- Genre: Documentary
- Presented by: Armand Marie Leroi
- Country of origin: United Kingdom

Production
- Running time: 90 mins

Original release
- Network: BBC Four
- Release: 26 January 2009 – 15 April 2010

= What Darwin Didn't Know =

Documentary on BBC Four

What Darwin Didn't Know is a documentary show on BBC Four presented by Armand Marie Leroi which charts the progress in the field of evolutionary theory since the original publication of Charles Darwin's On the Origin of Species in 1859.

The theory of evolution by natural selection is now orthodoxy, but when it was unveiled it caused a storm of controversy, from fellow scientists as well as religious people. They criticised it for being short on evidence and long on assertion and Darwin, being the honest scientist that he was, agreed with them. He knew that his theory was riddled with "difficulties", but he entrusted future generations to complete his work and prove the essential truth of his vision, which is what scientists have been doing for the past 150 years.

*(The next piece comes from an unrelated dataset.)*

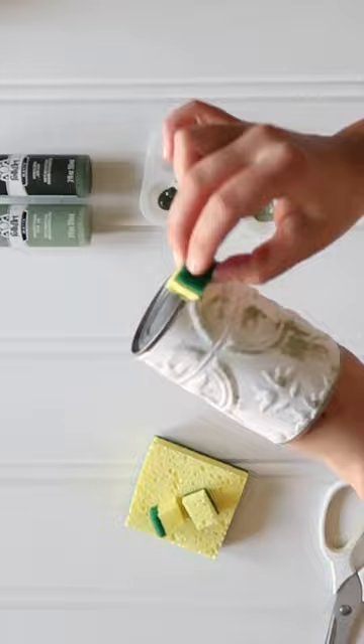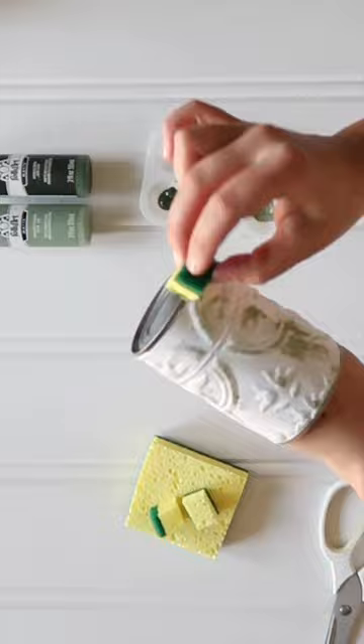Then distress the tile with chalk paint however you like. I began with a coat of white paint and then I layered in light and dark green chalk paint as well. I prefer to use a small piece of a clean dish sponge to apply paint on these types of projects.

The evolutionary biologist Professor Armand Marie Leroi charts the scientific endeavour that brought about the triumphant renaissance of Darwin's theory. He argues that, with the new science of evolutionary developmental biology (evo devo), it may be possible to take that theory to a new level – to do more than explain what has evolved in the past, and start to predict what might evolve in the future.